Awkwafina e John Cena estrelam a comédia que brinca com metáforas para (tentar) nos fazer rir de nós mesmos
Há uma piada meio próxima da realidade de que em Hollywood todo mundo tem um roteiro que quer emplacar (ou é ator). Durante as filmagens, astros são abordados por técnicos ou os mais insuspeitos colegas pedindo para ler algo e por ajuda.
De alguma forma, por proximidade e gratidão, vários dub;ês têm parecido conseguir emplacar seus projetos com isso. Não é necessariamente o caso de Jackpot!- A Loteria Mortal, o filme mais visto da Amazon Prime Video de agosto de 2024.
A proposta de tudo no filme gira em torno da simplicidade e um único compromisso: rir do absurdo. Não alcança o objetivo justamente por ser “simples demais”, o que complica mais a trama. Primeiro, esclarecem a distopia como comédia.
Distopia é justamente um “estado imaginário em que se vive em condições de extrema opressão, desespero ou privação” e no filme de Paul Feig isso será realidade em 6 anos. Vemos um Estados Unidos de condições extremas: pessoas passando fome e necessidade e 5 novos bilionários em Wall Street. A única conexão entre pessoas, seja socialmente ou emocionalmente, é a transação financeira e Feig nos convida a rir dessa realidade (como se fosse ficção).
Neste cenário, a Grande Loteria foi estabelecida na Califórnia assim: o vencedor tem que sobreviver até o pôr-do-sol para coletar o prêmio e durante essa curta janela, vale (quase) tudo para matar o vencedor e ficar com o dinheiro, só não pode usar arma de fogo. Ou seja, o pior das pessoas vem à tona e ninguém é confiável.
No meio disso tudo, uma desavisada Katie (Awkwafina), uma ex-estrela infantil que estava vivendo no Michigan e não acompanhou as novidades em Los Angeles, desembarca na cidade para tentar recuperar sua carreira, levando uma série de golpes e humilhações de um mar de pessoas horríveis.
Obvio que ela acidentalmente tem o bilhete vencedor da semana e justamente quando é o prêmio mais alto da história: mais de três bilhões de dólares.
Ela que não queria jogar ou ser rica se vê num jogo de gato e rato onde acaba unindo forças com o protetor amador Noel (John Cena), que negocia receber 10% do total para ajudá-la a viver e reivindicar o prêmio multibilionário.
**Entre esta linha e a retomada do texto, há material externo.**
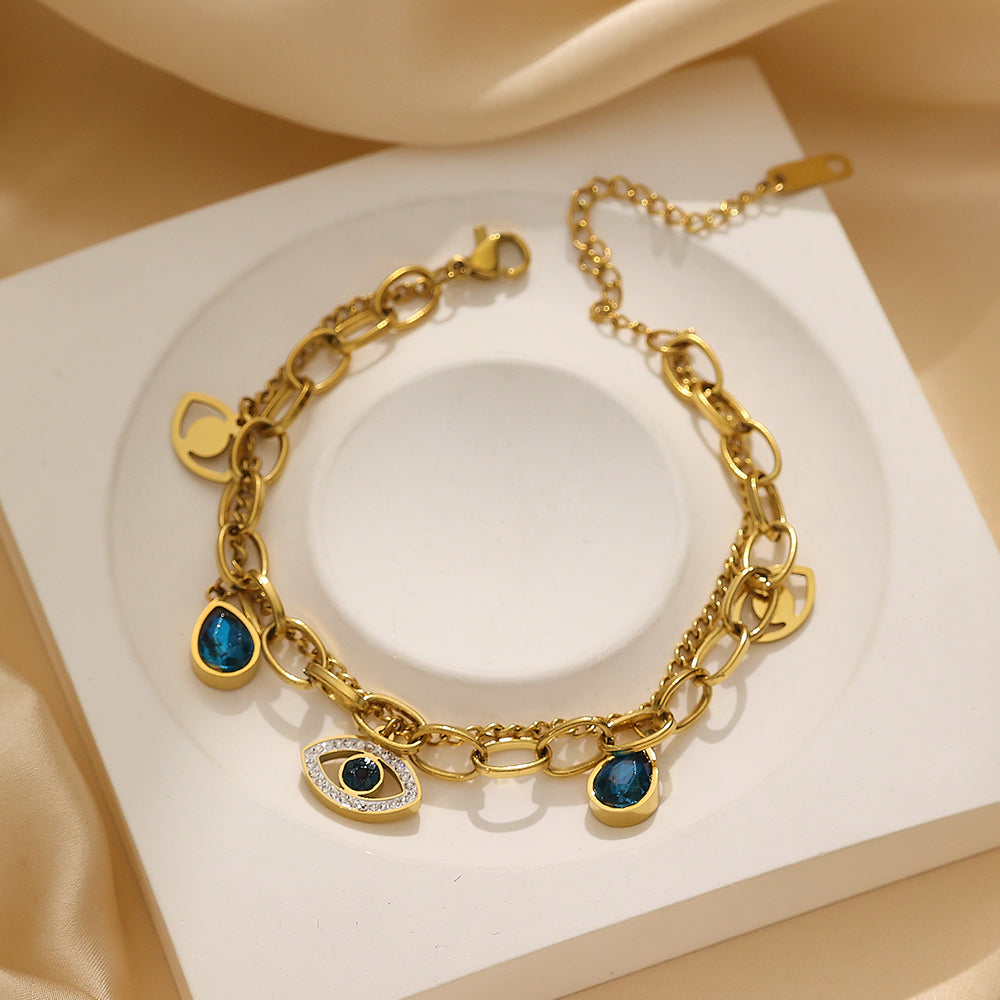 Mermaid Tear Bracelet – Blue Cubic Zirconia, 316L Stainless Steel, Waterproof, Hypoallergenic, Tarnish Free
O problema para Katie é: ela pode confiar em Noel ou alguém além dela mesma?
A premissa de Jackpot! teria profundidade quando todas as piadas que seriam absurdas: a indiferença social, o capitalismo selvagem, a vigilância eletrônica saída do universo de Big Brother, a celebridade das redes sociais, a ganância, etc se fosse um mínimo original.
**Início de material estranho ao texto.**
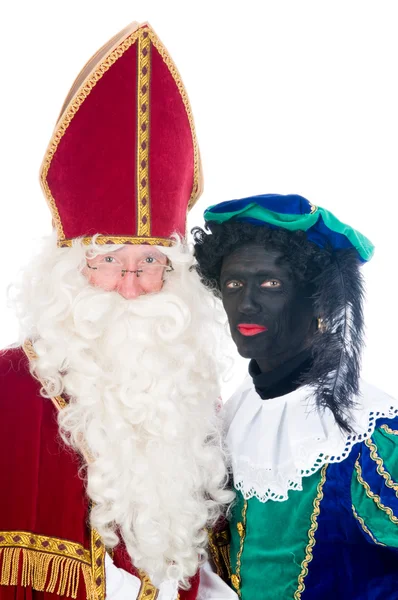 Święty Mikołaj i jego pomocnik — Zdjęcie stockowe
Na realidade é praticamente uma refilmagem de Par Perfeito (Killers), o filme de 2010 com Katherine Heigl e Ashton Kutcher onde ele, um espião procurado, têm que escapar de caçadores de recompensa numa sequência sem fim de ataques e correria. A partir do momento no qual Katie é revelada como a vencedora, ela vira a caça e não há respiro até que termine o dia.
Awkwafina e John Cena são divertidos em tudo que fazem, mesmo sendo a mesma nota também em tudo que aparecem, portanto ou você gosta dos dois ou sai correndo. Isso porque a trama é unicamente uma sequência de cenas de luta atrás da outra, precisando nos lembrar toda hora que é apenas a regra do jogo.
Sim, tentam dar um mínimo de profundidade aos dois principais ao ter como motivação o fato dela estar lidando com o trauma de ter sido enganada pelo próprio pai e dele por ter sido a razão de seu pelotão ter sido morto em combate, mas soa uma brincadeira sem graça. Não porque os temas seriam sérios, mas porque realmente não colou como piada.
E aqui está a ironia e inteligência de Feig: como avisa nos créditos de abertura, sua intenção é apenas divertir, mesmo que esteja jogando na nossa cara uma das verdades mais cruas e precisas da nossa realidade. E acerta, aparentemente. Eu diria que o filme é simplesmente ruim, não há química entre a dupla principal, as piadas são repetidas e/ou cópias, as lutas não são exatamente bem coreografadas e não há nenhuma surpresa.
Sabemos o que cada um fará e faz, até os supostos erros de gravação nos créditos finais, que parecem tão calculados como o que foi usado no filme. Aliás, para ser justa, a melhor piada de todo filme está nos créditos, quando vemos como Katie e Noel passam a viver como bilionários. Sim, até eles são corrompidos no final das contas. A distopia não poupa nem as melhores almas. Poderia poupar suas horas, mas, se tiver com sobra: seja bem vindo ao mundo do nada.